**Available data**
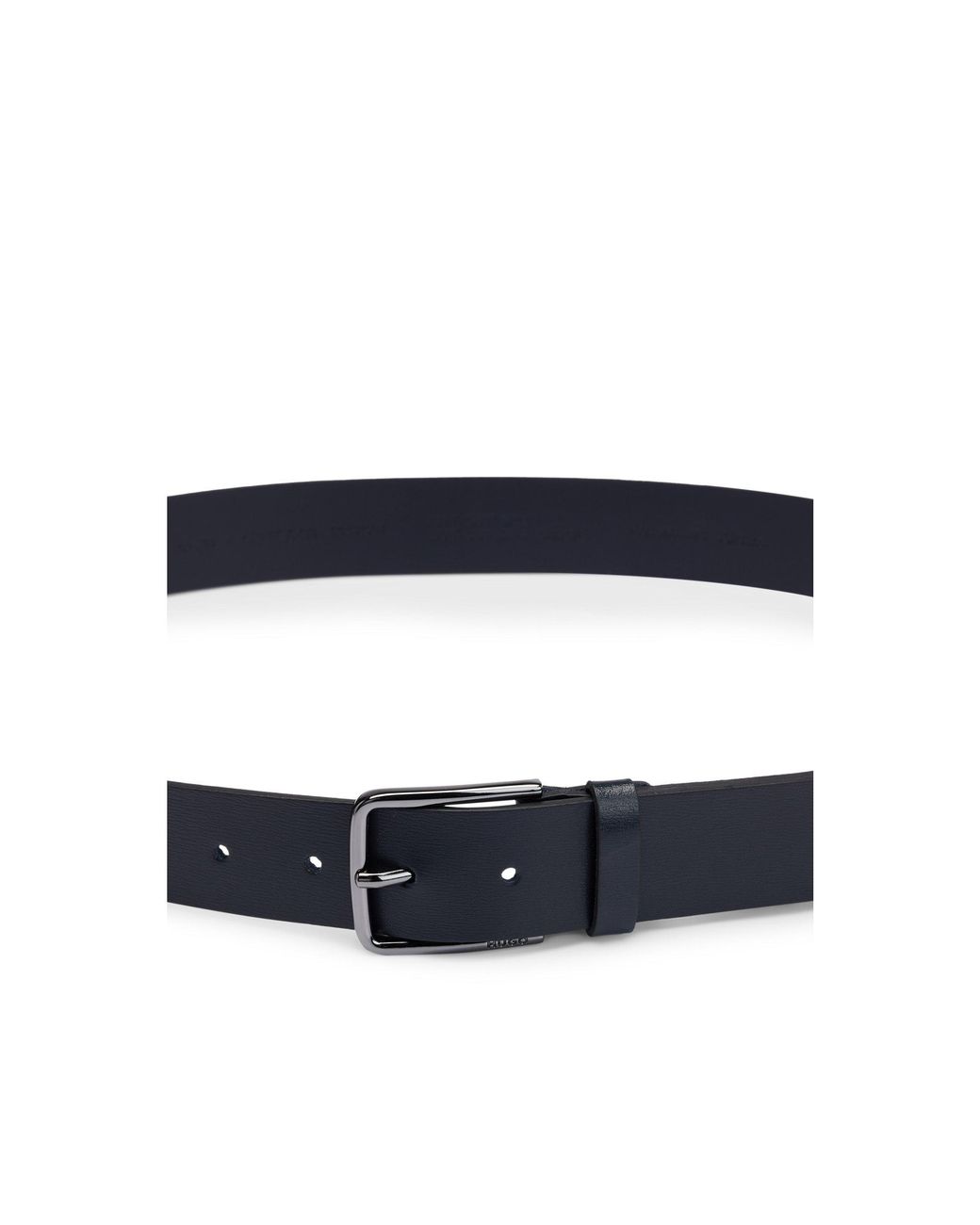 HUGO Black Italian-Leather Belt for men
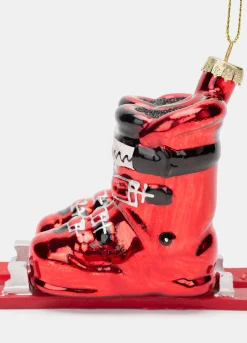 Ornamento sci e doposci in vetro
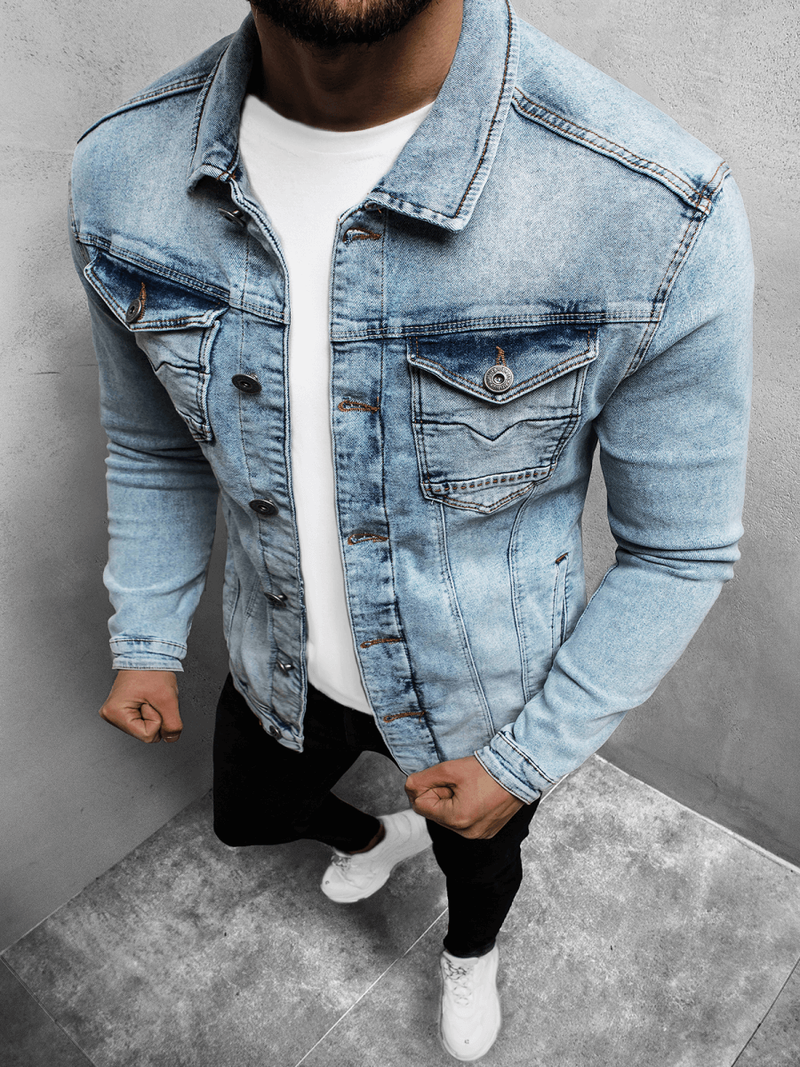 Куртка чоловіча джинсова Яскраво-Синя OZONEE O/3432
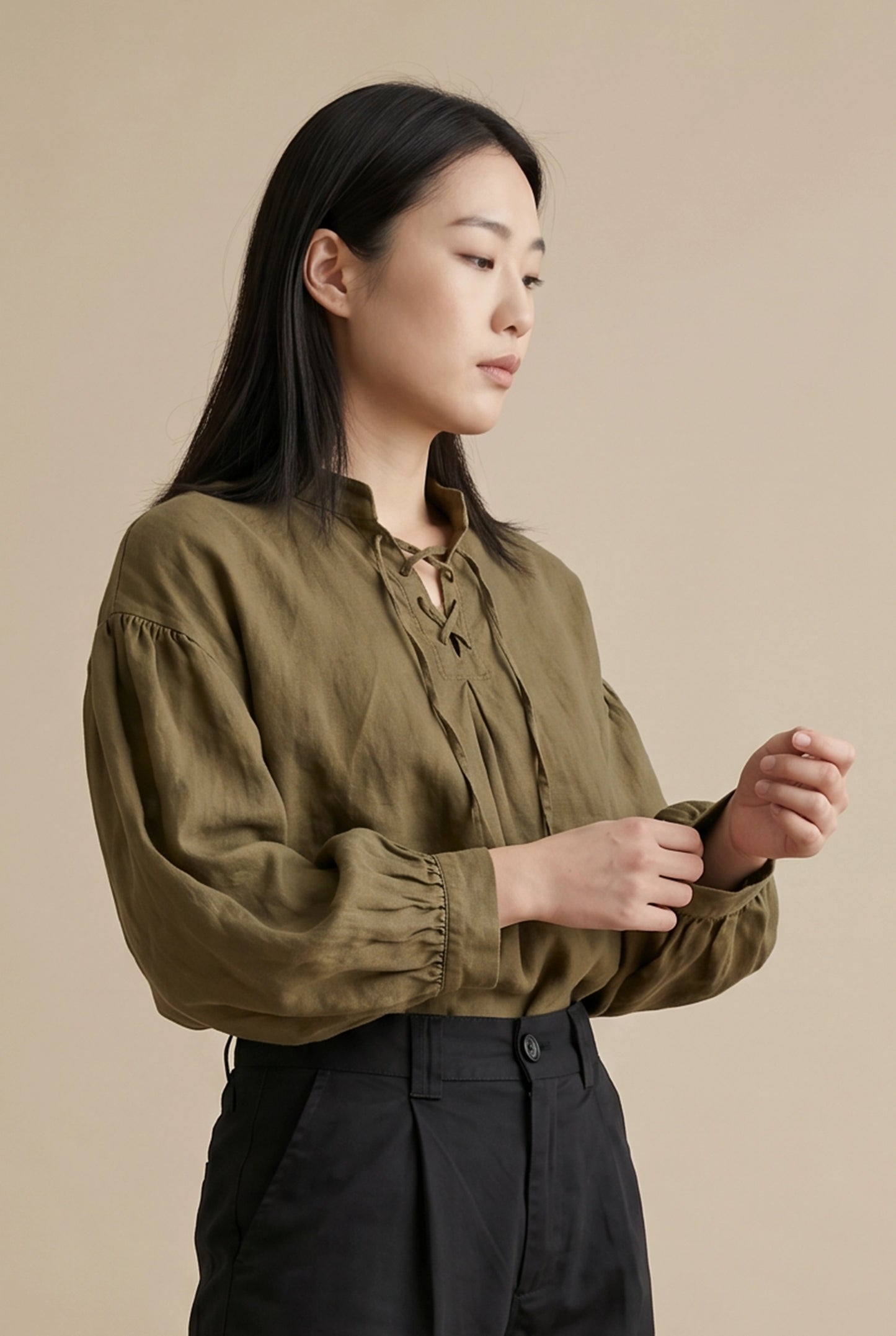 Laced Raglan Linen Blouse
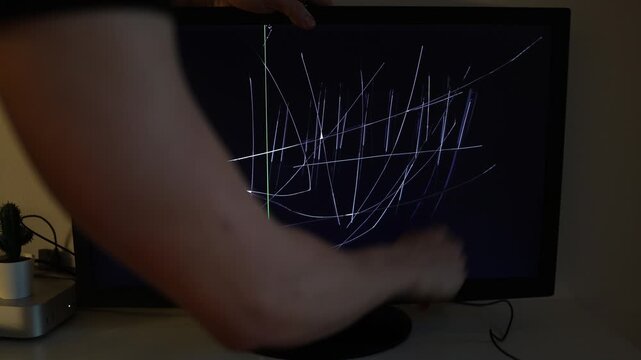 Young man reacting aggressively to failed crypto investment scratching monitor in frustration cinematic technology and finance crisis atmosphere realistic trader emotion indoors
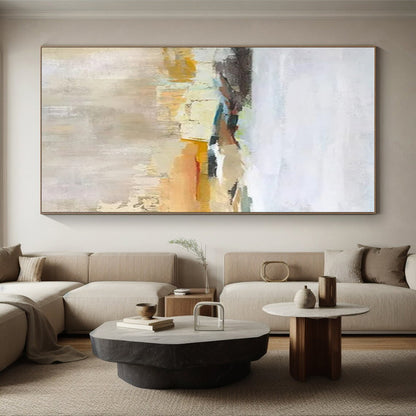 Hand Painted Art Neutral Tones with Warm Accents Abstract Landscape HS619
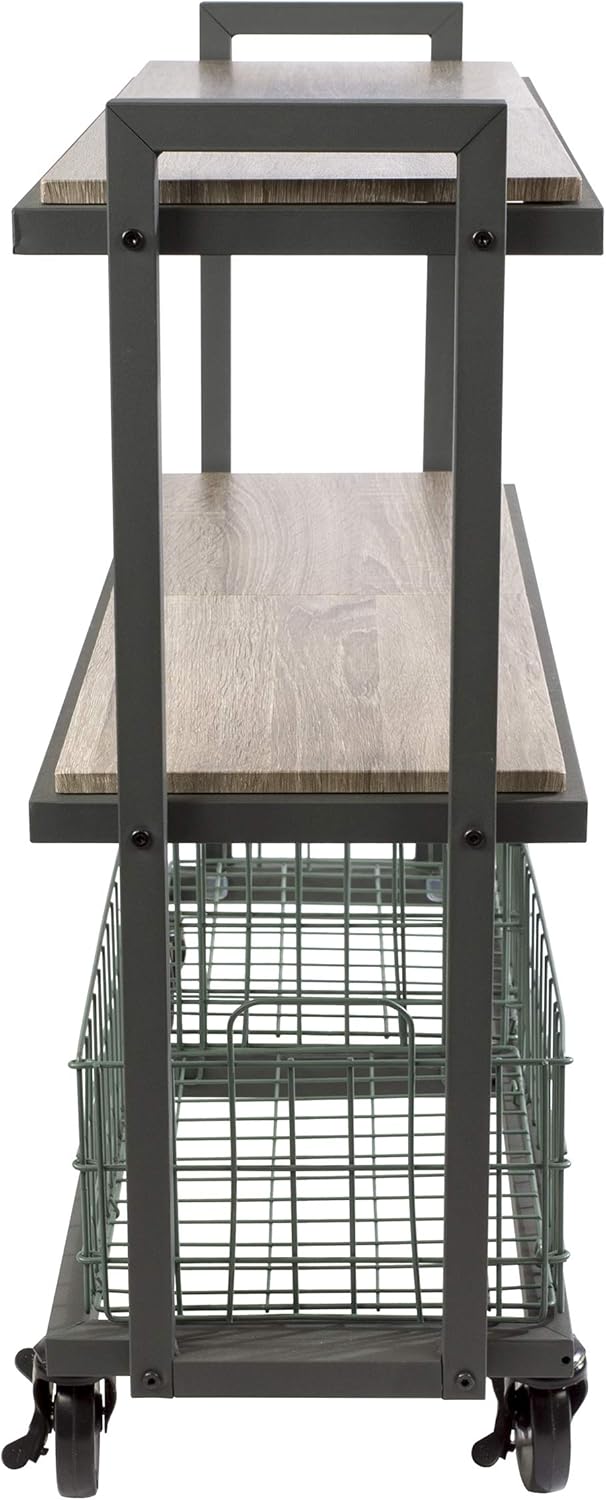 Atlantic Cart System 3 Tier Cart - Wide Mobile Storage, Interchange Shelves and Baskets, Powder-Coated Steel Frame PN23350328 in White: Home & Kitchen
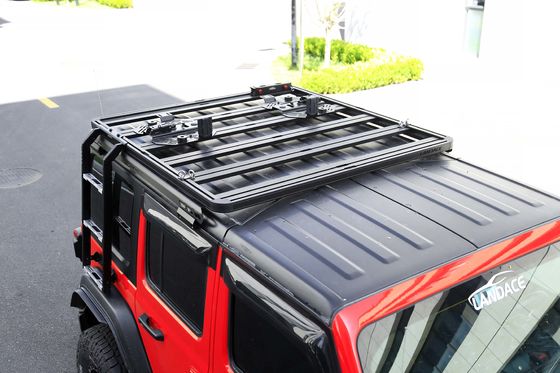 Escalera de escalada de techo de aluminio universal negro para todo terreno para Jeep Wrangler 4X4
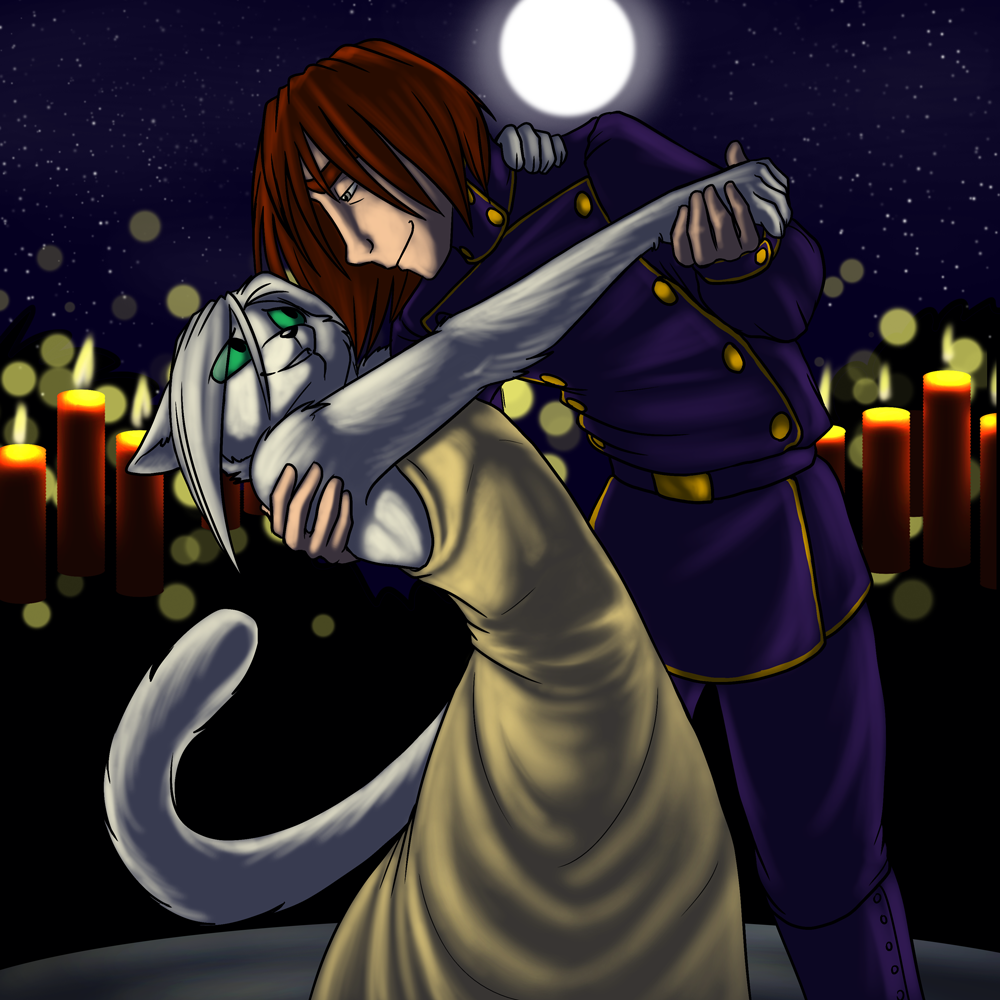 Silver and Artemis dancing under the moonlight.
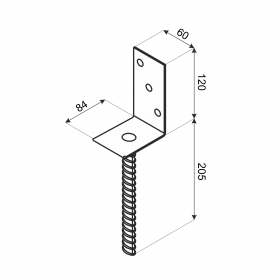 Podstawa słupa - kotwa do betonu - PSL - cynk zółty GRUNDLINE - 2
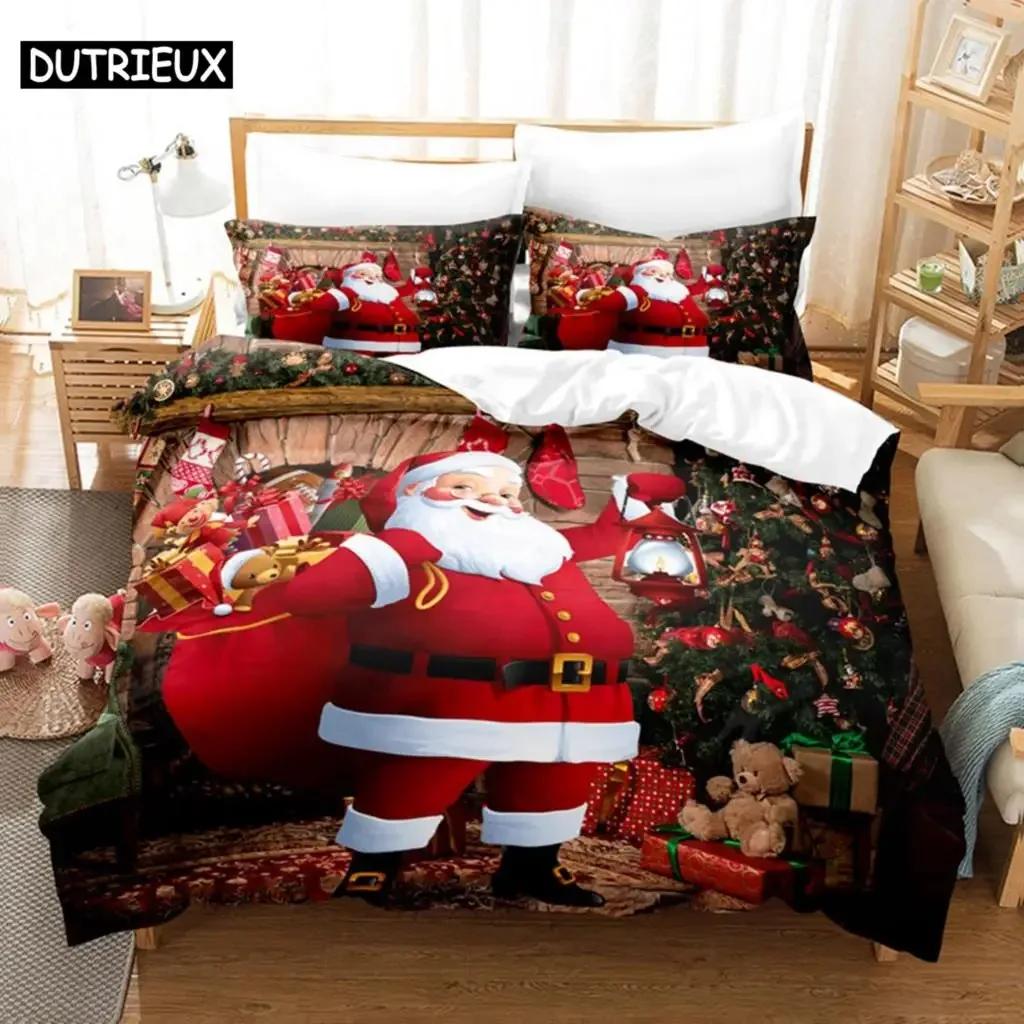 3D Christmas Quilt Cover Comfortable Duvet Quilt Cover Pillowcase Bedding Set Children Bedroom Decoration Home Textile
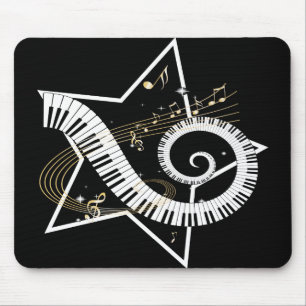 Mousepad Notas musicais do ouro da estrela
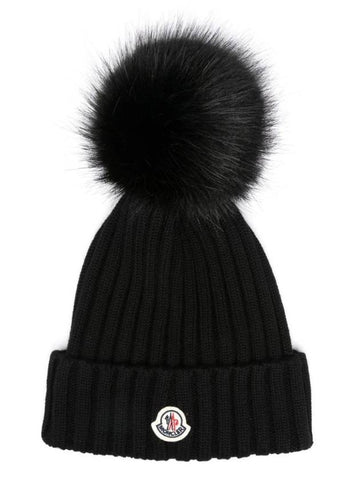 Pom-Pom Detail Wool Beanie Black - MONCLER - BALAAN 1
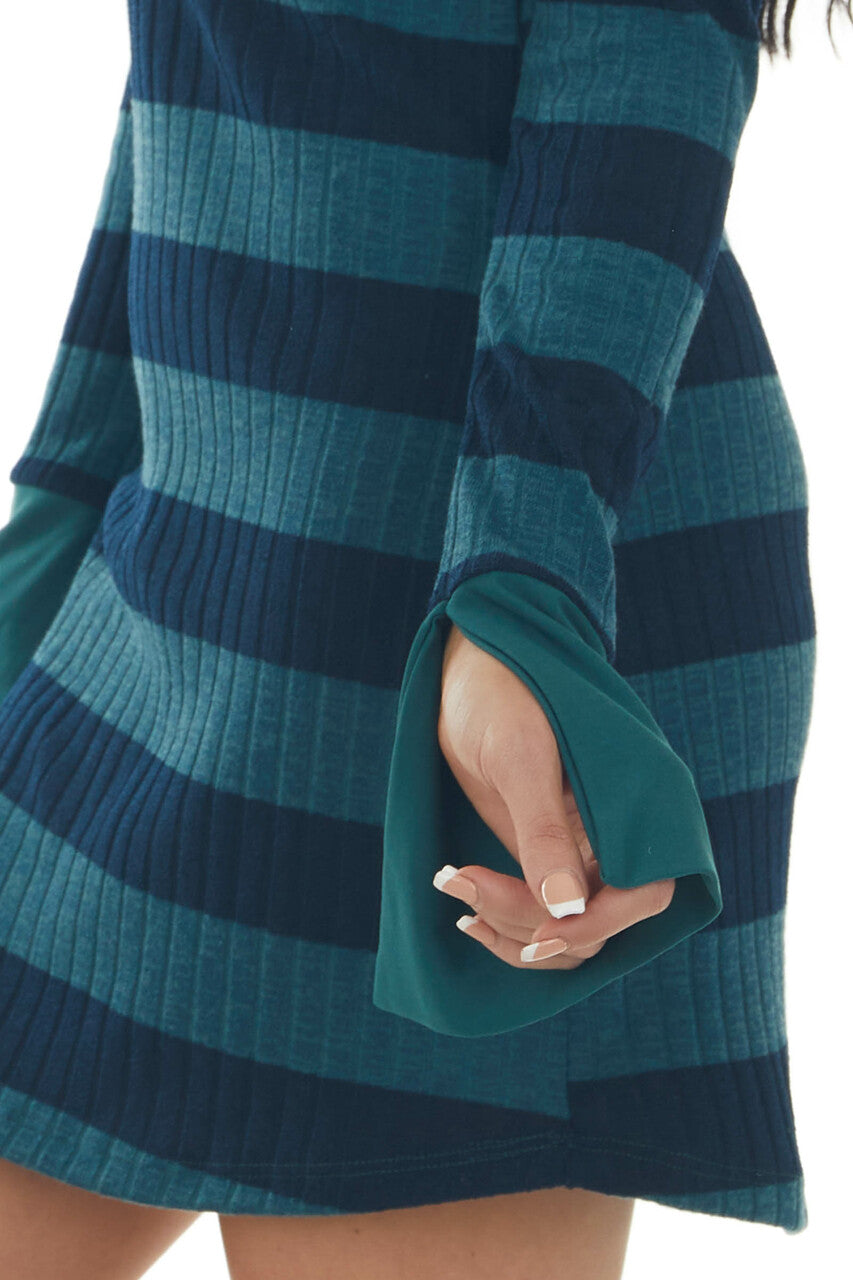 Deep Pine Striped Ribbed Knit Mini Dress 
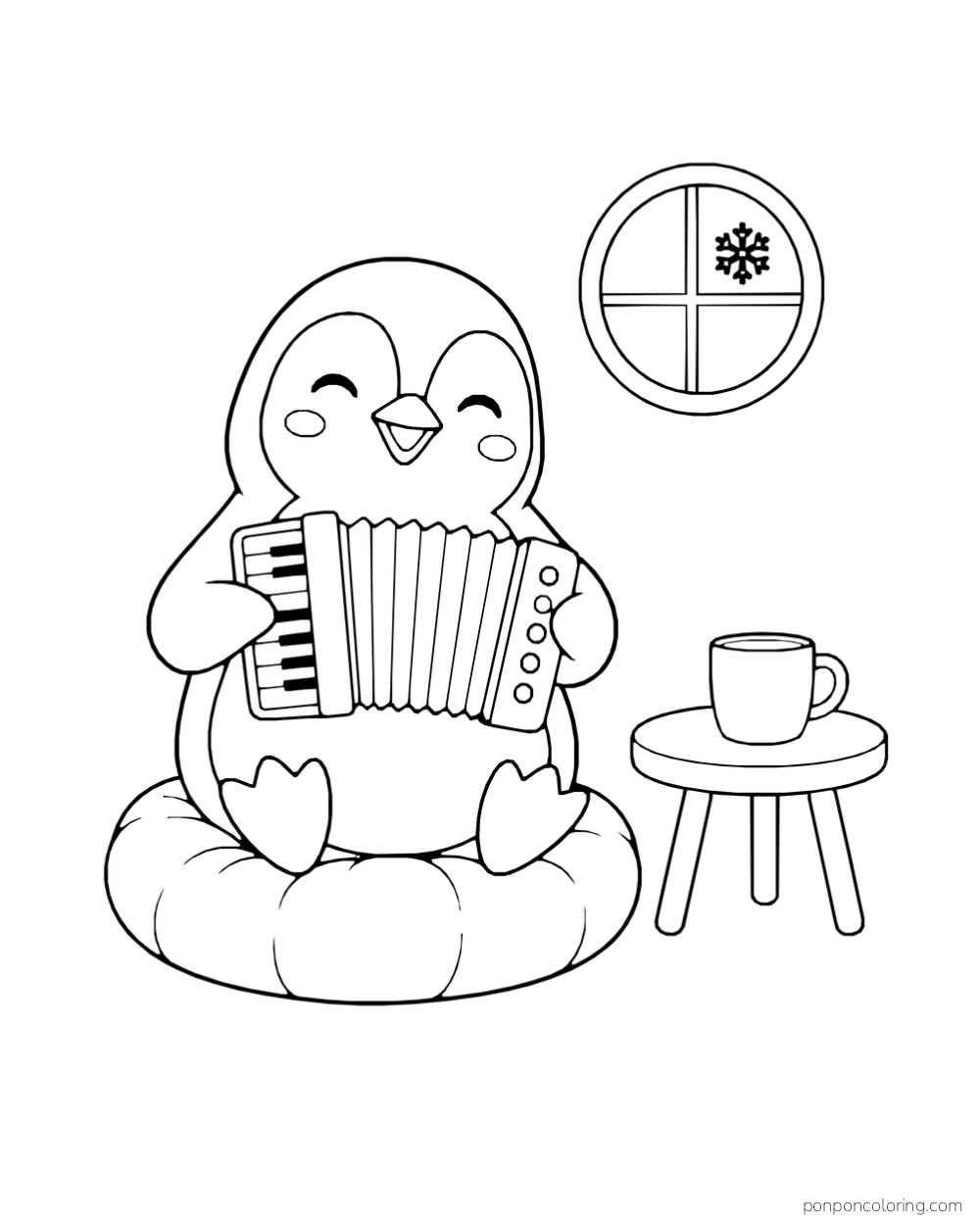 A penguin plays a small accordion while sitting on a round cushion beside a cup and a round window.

**Work required**
In the copy, include exactly the lines from the one with "Deep Pine Striped Ribbed Knit Mini Dress" through the final line of the entries above, both ends counted, and no pictures.

**Output for this task**
 Deep Pine Striped Ribbed Knit Mini Dress 
 A penguin plays a small accordion while sitting on a round cushion beside a cup and a round window.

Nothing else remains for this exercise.